Bu tespitler ışığında bize bakan yönüyle de, benzer bir çalışma yapılarak Z kuşağı hakkında bir strateji belirlemek doğru olacaktır.
NASIL HAREKET ETMELİYİZ? (TECRÜBE+ ENERJİ)
Bediüzzaman “anne baba kimsenin değil ama çocuğunun kendisinden daha iyi olmasını ister” diyor. Çocuk anne babadan daha iyi nasıl olacak? Anne babanın ayak izinde yürürse ancak onlar kadar iyi olabilir, onları aşabilir mi? Gençlerin devamlı itiraz edip kendilerine has yol çizme gayretlerini bir de bu açıdan düşünelim. Zaman hızla değişiyor. Çocuklarımız farklı bir zamanın evladı. Hz. Ali (ra) “Çocuklarınızı kendi zamanınıza göre değil, geleceğe göre hazırlayın” diyor.

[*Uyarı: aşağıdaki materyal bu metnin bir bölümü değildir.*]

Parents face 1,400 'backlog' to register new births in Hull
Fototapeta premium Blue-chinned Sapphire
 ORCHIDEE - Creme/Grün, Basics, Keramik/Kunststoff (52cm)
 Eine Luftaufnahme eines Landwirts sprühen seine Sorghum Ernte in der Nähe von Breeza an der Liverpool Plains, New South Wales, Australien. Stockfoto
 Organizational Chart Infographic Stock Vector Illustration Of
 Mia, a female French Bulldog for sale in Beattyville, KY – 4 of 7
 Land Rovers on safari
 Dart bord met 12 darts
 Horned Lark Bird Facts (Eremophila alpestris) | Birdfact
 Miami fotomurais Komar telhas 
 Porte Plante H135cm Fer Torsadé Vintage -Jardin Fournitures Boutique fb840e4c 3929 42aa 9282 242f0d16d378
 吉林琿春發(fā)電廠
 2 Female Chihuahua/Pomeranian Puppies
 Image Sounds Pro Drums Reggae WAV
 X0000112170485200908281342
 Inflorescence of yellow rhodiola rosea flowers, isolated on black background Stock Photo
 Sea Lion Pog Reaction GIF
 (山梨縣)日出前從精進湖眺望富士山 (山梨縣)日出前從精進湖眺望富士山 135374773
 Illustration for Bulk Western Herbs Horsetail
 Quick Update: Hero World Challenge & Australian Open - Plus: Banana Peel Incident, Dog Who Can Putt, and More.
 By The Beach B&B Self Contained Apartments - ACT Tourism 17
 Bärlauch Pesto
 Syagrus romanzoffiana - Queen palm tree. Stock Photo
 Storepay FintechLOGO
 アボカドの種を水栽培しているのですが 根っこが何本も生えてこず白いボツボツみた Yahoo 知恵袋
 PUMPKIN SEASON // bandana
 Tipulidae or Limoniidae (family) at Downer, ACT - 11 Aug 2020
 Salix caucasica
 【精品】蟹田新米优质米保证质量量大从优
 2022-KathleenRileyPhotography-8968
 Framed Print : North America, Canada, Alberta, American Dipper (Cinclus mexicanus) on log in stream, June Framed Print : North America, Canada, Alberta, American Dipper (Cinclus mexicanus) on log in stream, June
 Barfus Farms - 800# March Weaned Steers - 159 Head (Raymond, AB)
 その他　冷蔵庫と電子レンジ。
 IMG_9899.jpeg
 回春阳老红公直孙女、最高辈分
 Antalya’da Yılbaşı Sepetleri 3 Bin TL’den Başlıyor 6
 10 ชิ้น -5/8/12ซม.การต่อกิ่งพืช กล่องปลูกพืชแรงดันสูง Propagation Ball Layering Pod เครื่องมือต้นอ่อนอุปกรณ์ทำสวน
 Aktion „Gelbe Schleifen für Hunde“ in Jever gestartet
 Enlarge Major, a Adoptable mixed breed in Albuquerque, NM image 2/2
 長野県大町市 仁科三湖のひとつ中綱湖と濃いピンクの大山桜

* Anne baba yetişkinler kendilerinin sahip olamadıkları her şeye çocuklarının erişmesi için didinip dururlar. Yemek, giyim,sağlık, eğitim… Peki manevi ihtiyaçlarını maddi ihtiyaçları hassasiyetinde karşılıyor muyuz?
* Değer verme, sevgi, güven, dikkate alma, sevgi şefkat dili ile yaklaşarak onları ayrı bir şahsiyet ayrı bir kimlik olarak kabul ediyor muyuz? Bediüzzaman Hazretlerinin Hanımlar Rehberi’nde örnek verdiği evladını hafız mektebinden alıp Avrupa’ya tahsile gönderen anne misali ibretlidir.
* Yaşadığı mekanda hayatın akışı hakkında fikirlerini almalıyız. Fikir vermesi için teşvik etmeli, sorularına makul, mantıklı cevaplar vermeliyiz.
* Sorularını geçiştirmemeli, çözüm için süreci birlikte paylaşmalıyız. Fikirlerine önem verilen, kararları dikkate alınan çocuk güven iletişim noktasında sahiplenecektir. Hz. Ali (ra) çocuklarımızla 0-7 yaş arası oyun, 7- ergenlik yaş arası arkadaş, ergenlik döneminde de istişare etmemizi istiyor.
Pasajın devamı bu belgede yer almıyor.